Too many times we see films lose the plot after intermission—a concept as old as the movies that India, and a few other countries, have retained. Some call it The Curse of the Second Half. Some movies recover miraculously post-interval, like tail-enders winning a match after the team's main batsmen have failed. In this series, we write about films that are half good, and half bad. Or the other way around. Thank god for the loo break though.
Indian archaeologists have been looking for a lost Chola tribe (yes, those Cholas), believed to have gone into hiding someplace near Vietnam. When one of these archaeologists goes missing, the government puts together a search party, consisting of Anitha (Reema Sen), Lavanya (Andrea Jeremiah) and a 'coolie' named Muthu (Karthi), who brings with him a band of mercenaries…

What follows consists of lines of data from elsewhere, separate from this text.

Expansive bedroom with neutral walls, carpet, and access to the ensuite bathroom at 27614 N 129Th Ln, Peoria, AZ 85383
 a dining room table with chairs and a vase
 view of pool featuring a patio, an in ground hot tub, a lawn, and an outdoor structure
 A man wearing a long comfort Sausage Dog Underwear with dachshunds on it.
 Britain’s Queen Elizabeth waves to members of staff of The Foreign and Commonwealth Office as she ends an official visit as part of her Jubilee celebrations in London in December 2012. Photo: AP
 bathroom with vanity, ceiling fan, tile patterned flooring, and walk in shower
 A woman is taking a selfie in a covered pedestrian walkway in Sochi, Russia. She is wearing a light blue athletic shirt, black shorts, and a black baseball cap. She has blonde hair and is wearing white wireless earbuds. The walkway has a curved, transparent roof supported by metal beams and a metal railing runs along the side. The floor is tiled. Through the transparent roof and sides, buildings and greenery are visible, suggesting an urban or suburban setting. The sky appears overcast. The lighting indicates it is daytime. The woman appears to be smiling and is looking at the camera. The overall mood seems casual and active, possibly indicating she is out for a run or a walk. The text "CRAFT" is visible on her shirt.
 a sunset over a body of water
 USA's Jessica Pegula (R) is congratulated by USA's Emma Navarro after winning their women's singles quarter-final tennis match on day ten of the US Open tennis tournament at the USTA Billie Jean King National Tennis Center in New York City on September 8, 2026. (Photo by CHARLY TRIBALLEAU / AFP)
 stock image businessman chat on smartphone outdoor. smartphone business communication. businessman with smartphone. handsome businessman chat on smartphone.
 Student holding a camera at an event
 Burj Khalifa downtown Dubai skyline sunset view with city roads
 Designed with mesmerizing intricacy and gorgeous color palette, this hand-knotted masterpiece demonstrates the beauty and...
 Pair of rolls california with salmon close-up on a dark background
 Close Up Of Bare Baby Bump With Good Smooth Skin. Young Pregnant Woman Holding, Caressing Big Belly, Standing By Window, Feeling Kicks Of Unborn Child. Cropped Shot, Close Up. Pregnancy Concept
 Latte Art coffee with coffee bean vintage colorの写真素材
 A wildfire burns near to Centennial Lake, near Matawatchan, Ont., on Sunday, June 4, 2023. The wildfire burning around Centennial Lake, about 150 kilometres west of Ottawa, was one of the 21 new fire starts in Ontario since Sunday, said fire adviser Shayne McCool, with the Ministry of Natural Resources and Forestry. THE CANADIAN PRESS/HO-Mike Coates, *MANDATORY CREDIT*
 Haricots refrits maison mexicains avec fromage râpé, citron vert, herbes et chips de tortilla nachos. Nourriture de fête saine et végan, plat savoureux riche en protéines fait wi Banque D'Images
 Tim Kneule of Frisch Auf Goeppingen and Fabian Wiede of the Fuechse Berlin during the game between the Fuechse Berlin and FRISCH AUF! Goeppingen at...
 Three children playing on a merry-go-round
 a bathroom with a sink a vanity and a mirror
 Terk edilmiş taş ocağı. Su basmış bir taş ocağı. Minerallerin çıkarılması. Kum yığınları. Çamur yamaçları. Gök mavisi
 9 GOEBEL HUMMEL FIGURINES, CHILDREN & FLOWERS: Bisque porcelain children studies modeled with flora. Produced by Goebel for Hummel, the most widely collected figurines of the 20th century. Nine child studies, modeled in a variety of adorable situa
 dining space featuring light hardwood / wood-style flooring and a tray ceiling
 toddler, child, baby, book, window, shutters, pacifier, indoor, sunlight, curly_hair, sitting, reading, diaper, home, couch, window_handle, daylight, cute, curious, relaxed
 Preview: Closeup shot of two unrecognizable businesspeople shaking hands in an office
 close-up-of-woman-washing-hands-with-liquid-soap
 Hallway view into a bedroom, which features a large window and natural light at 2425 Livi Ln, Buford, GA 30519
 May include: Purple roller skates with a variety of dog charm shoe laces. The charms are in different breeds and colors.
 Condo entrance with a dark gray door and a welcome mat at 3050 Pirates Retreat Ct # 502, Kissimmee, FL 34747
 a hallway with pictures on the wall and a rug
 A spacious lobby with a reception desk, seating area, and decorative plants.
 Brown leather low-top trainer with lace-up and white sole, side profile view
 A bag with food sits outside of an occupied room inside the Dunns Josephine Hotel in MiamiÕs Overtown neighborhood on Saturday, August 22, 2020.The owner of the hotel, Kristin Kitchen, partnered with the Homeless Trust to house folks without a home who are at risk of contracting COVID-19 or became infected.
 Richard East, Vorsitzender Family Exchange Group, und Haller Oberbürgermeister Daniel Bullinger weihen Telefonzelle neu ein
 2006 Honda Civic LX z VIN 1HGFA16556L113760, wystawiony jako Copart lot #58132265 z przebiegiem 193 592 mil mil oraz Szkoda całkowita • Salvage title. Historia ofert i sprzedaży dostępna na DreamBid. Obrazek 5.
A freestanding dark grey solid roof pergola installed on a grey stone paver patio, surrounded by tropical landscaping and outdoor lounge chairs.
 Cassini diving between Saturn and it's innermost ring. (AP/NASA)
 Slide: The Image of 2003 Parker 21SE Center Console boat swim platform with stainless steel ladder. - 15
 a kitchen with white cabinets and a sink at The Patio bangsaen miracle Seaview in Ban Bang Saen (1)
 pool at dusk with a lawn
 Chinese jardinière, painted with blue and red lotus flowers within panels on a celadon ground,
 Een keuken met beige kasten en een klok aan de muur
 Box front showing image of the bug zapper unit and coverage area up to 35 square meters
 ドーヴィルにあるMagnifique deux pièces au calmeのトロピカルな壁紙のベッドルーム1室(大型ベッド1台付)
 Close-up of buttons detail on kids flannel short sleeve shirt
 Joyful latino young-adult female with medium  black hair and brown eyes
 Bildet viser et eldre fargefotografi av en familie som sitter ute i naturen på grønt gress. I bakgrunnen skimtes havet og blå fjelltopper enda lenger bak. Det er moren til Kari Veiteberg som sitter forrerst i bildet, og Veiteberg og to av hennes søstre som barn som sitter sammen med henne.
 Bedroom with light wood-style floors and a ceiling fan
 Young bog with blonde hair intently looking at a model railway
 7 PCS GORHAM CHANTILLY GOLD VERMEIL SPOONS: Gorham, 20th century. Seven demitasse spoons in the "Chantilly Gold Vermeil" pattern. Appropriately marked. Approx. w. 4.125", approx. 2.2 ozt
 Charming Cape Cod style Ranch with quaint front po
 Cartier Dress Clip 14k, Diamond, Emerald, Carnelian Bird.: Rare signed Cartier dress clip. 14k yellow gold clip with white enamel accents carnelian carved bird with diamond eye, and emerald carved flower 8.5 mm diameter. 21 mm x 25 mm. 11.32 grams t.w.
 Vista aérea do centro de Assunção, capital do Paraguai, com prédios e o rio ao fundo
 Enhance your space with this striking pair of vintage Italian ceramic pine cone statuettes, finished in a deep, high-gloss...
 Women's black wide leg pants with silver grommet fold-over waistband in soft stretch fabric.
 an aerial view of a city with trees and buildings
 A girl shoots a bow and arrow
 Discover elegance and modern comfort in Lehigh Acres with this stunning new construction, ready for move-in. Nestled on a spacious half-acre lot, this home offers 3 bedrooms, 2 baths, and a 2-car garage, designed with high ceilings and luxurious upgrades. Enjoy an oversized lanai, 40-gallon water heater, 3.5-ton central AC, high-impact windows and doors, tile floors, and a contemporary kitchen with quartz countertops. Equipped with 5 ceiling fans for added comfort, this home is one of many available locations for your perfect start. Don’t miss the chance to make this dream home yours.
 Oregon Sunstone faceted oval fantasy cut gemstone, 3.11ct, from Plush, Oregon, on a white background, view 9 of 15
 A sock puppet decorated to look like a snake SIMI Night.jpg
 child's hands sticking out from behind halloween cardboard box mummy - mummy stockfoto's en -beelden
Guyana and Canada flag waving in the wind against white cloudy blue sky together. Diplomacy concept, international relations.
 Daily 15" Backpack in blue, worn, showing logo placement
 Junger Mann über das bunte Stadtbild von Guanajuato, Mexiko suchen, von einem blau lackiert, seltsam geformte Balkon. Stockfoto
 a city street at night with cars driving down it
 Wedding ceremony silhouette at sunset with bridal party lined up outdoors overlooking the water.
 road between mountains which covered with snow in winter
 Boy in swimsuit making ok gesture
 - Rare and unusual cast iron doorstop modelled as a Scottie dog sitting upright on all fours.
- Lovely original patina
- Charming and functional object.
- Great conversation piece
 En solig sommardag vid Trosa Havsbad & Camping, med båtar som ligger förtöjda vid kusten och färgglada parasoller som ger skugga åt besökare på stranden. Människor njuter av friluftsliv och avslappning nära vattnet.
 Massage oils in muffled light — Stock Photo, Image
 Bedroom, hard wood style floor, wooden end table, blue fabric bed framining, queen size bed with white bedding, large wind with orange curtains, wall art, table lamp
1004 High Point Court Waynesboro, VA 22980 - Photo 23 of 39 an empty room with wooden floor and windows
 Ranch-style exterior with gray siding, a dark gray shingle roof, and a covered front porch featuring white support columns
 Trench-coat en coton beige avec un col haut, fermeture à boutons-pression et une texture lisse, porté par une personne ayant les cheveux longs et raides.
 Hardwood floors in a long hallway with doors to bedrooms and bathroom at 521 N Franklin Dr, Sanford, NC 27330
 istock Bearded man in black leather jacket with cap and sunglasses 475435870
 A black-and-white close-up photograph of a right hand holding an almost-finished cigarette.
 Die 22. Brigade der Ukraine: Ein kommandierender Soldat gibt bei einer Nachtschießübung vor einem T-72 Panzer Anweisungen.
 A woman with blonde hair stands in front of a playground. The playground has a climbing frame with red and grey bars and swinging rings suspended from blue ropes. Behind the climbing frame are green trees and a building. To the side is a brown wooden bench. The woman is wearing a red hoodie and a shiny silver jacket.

The search party follows a map and experiences a series of dangers, and all we seem to be seeing is a very derivative Indiana Jones-style entertainer. The creepy-crawly snake attack from Raiders of the Lost Ark is routed through the graph of Indiana Jones and the Last Crusade, where an archeologist-father goes missing, causing the archeologist-child to embark on an expedition retracing his steps….
But the set pieces aren't exciting. Things are made worse by the squeezed-in songs, the shabby CGI effects, the carelessly cast heroines (neither of whom is remotely interested in convincing us about their fluency in the spoken language)… As a result, there's no investment in the material, and there's no buildup. There's just showdown after mildly diverting showdown. You think this is what the rest of the film is going to be like, an ultra- generic action-adventure ride with a splash of the supernatural…
And then, we get the second half!
The joke of the film is that the entire pre-interval stretch is the buildup. And the entire second half is the showdown. Once those obstacles are navigated, the film mutates into a beast that could scarcely be imagined from the chromosomal constituents of the first half. Now, this is bad news if you're a creature of cold logic, but a thrilling turn of events if you're willing to surrender to heavy-lidded imagery on the threshold of a fever-dream. (The trippy-nightmare sensation is exaggerated by soot-and-flame cinematography, and by slo-mo editing rhythms.)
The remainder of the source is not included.